Often times it's the best stories that don't demand suspension of belief; whether they're completely true or born from a kernel of it and, therefore, not entirely out of the realm of possibilities.
They say the truth is stranger than fiction and "they" are usually right. That's how they became "they" in the first place—by building a solid consensus.
Hilarious, horrifying, uplifting or otherwise—these days true 'WTF" stories in sports seem to bubble up in print, online and across the social media stratosphere by the second. And for those insane stories of times past, the same media array acts as an echo chamber.
These are 15 WTF sports stories that are actually true.
On Sunday, a game between the Angels and Mariners was delayed twice by swarming bees—a situation that was initially dealt with by two members of the grounds crew wielding a Gatorade bucket, cardboard and broom.
As one would expect, those items did little to dissuade the bees—which returned a short time later. Although, even getting the bees to disperse for a short period of time using those three items, none of which are known to control the insect population, is kind of impressive.
The second time around, the crew deployed a "smoke deterrent" and the game resumed shortly thereafter. Wonder why they didn't try the cardboard and broom again...
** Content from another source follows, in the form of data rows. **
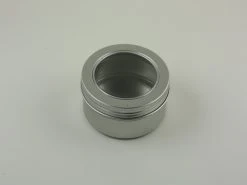 Burk Med Fönster 8cm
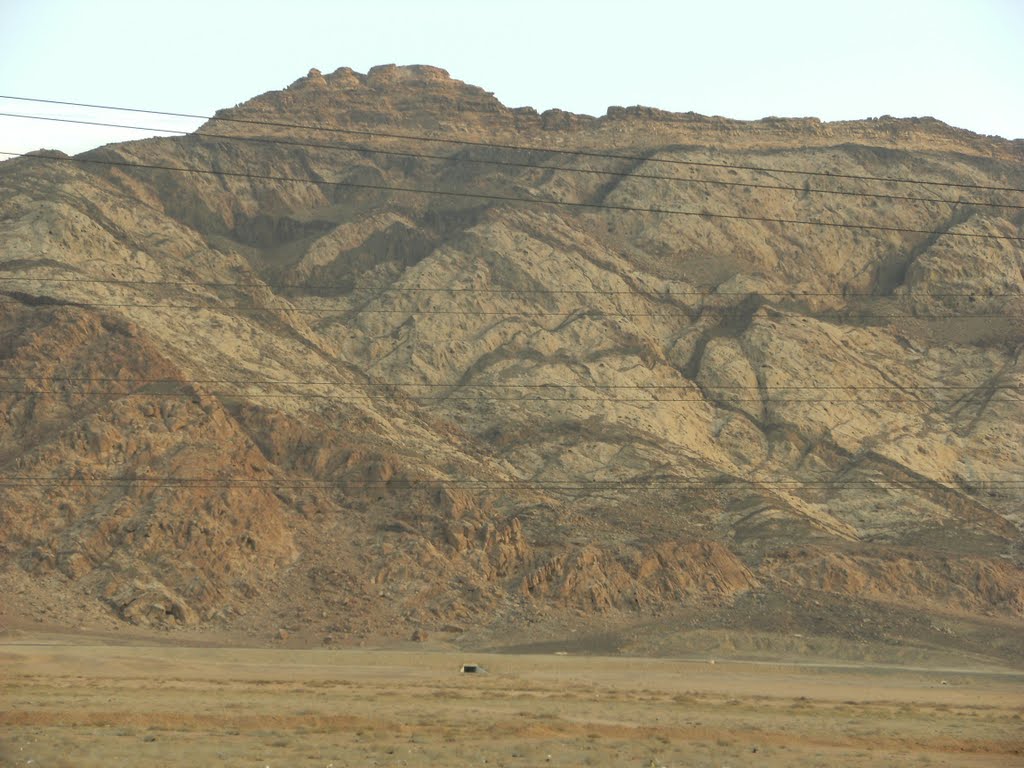 وفاة شخص سقط عن قمة جبل في العقبة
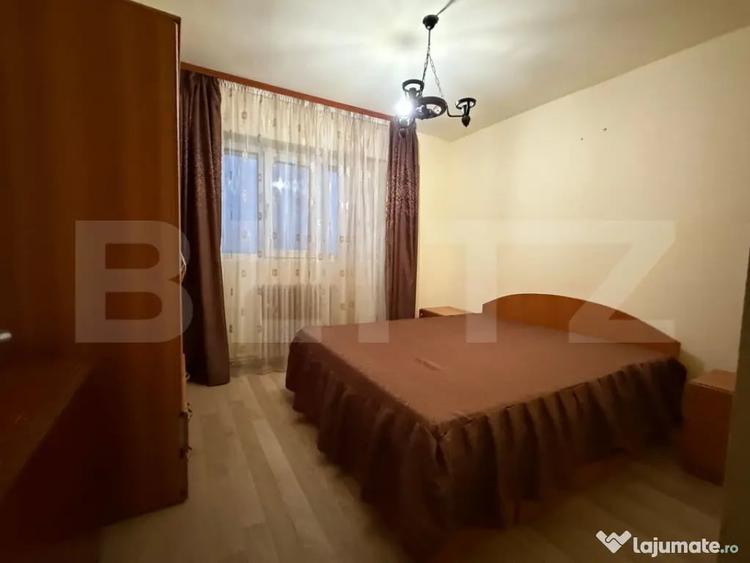 Apartament cu 3 camere decomandat în Cetate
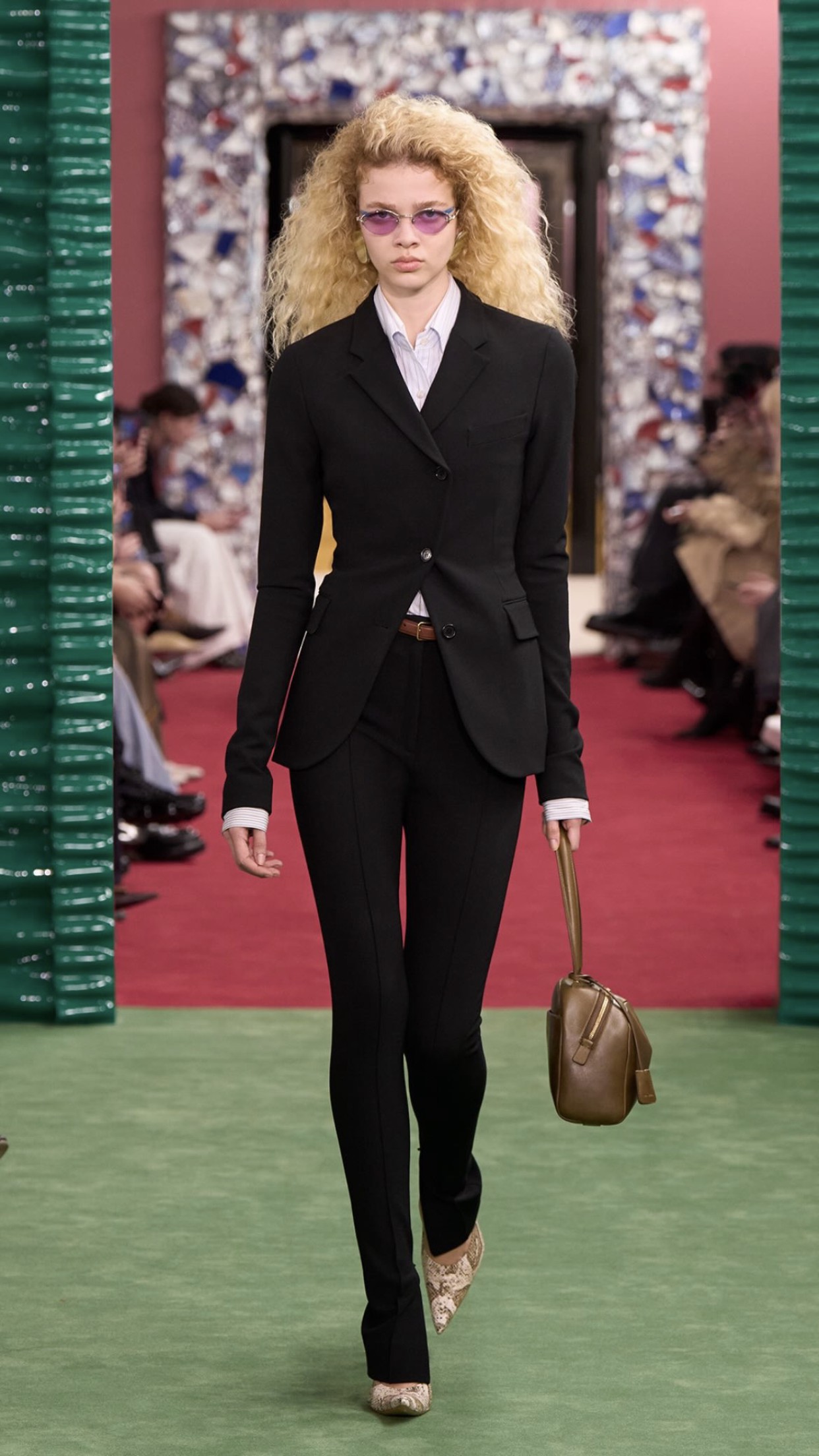 Hinh anh Nhìn lại hành trình 30 năm với Acne Studios Thu Đông 2026 13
When it comes to civil lawsuits, my first instinct is to get all preachy about the overly litigious nature of society. That being said, Long Island native Edward Lunger obviously has a complaint that goes well beyond emotional pain and suffering. That hand of his is seriously jacked.
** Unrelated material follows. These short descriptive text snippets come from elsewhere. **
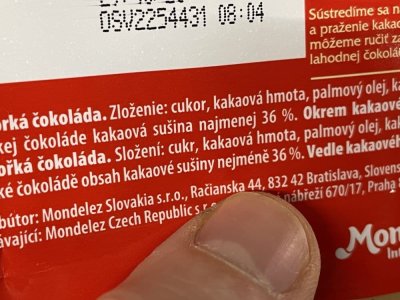 Etiketa na obalu tabulkové čokolády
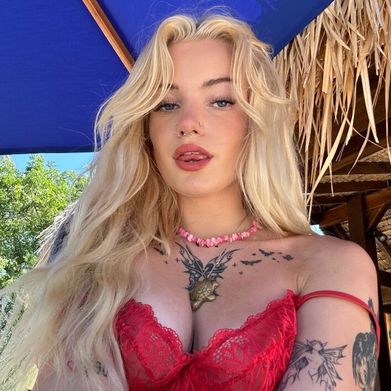 OnlyFans Model lexi 🕷️ (lexibloomes) Profile Image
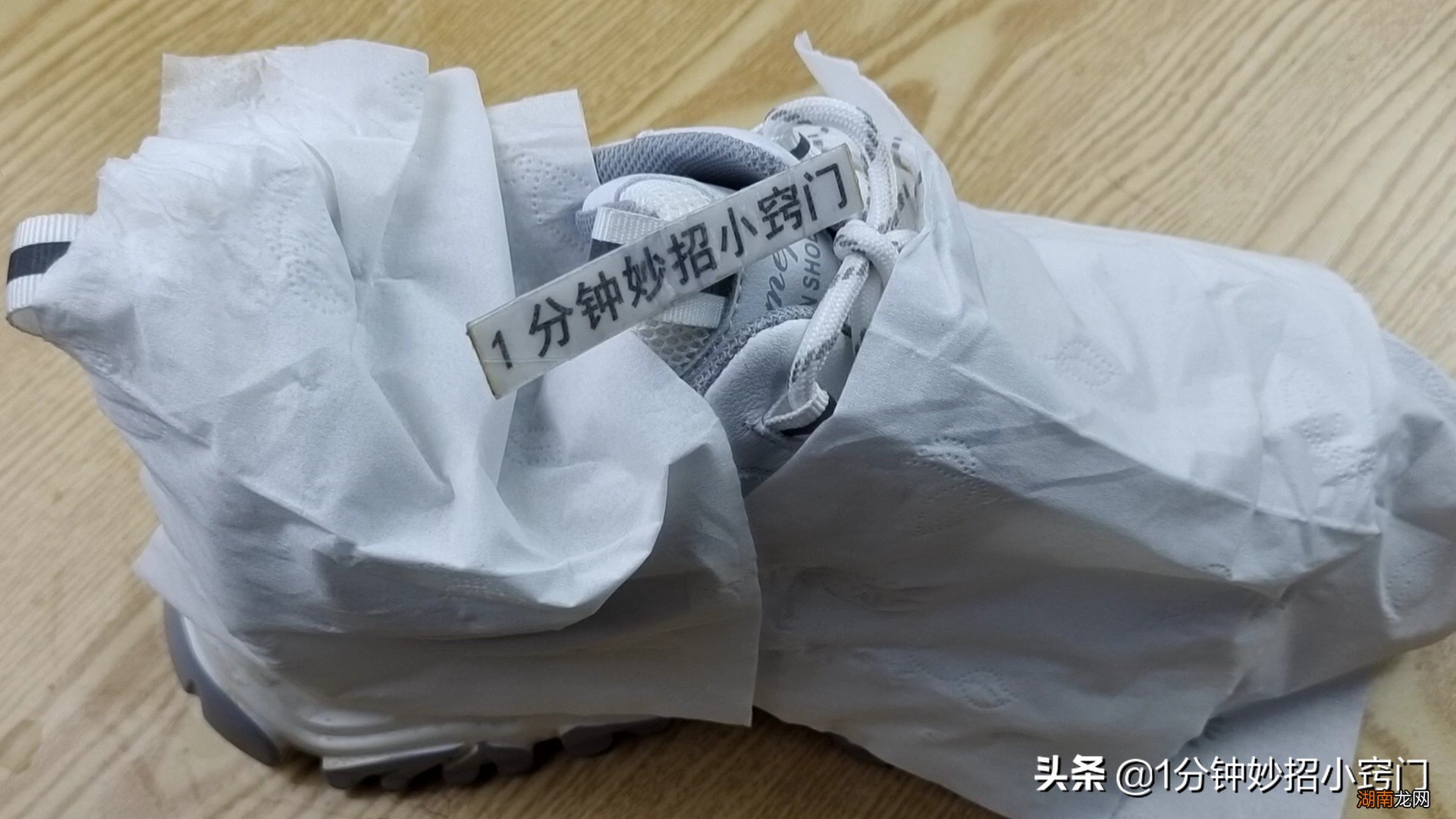 洗白色运动鞋的好方法 白运动鞋脏了怎么清理干净变白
In August 2013 Lunger filed suit against a Cancun golf resort, stemming from injuries sustained when he was attacked by a crocodile on the course a while back. According to him, it was completely unprovoked and alleges the resort introduced the reptiles as a "marketing tourist attraction."
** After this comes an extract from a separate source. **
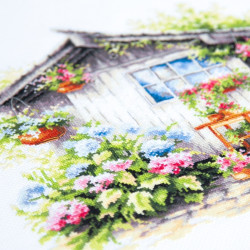 Cross stitch kit  Quiet Happiness 26 x 26 cm 70-47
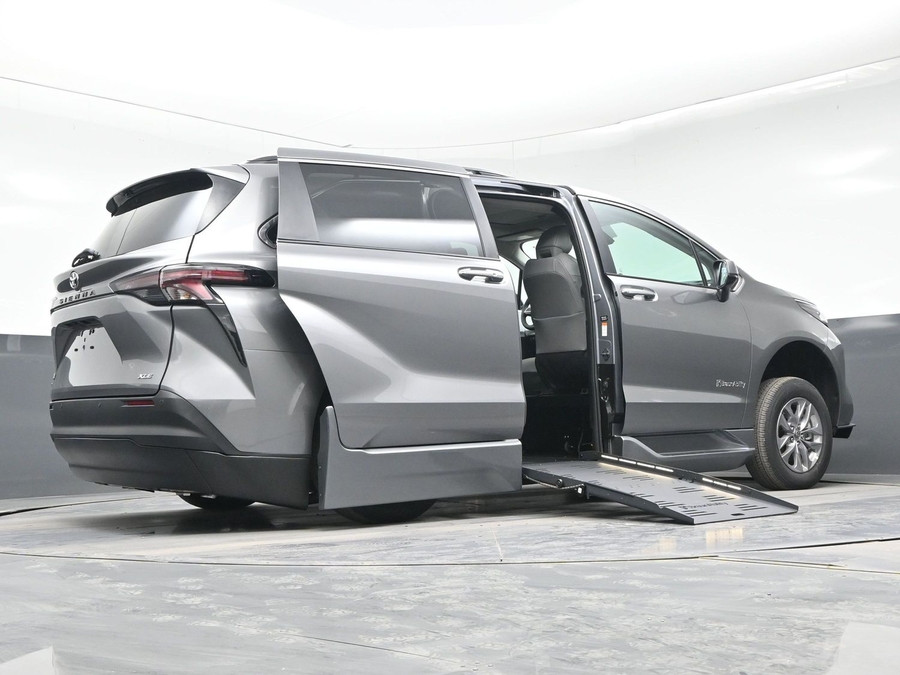 New 2026 Toyota Sienna Hybrid XLE Add - BraunAbility Side Entry Fold Out Automatic Ramp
Lunger lost 1.5 fingers in the attack and may very well have lost the one doctors at a private hospital reattached if he wasn't able to pay the nearly $20,000 bill up front. Wow...so that's one way to weed out the people that can't pay.
Earlier this year, a youth hockey tournament in Novokuznetsk, Russia devolved into violent mayhem, as boys still young enough to spend an hour at Chuck E. Cheese without getting a raging headache, engaged in an outright bench-clearing brawl.
The melee goes on unabated for nearly two minutes, before an actual adult decided to—you know—step in and stop children from punching each other in the face. Though, I think most people would be pretty reluctant to step into a Russian kid-riot on ice.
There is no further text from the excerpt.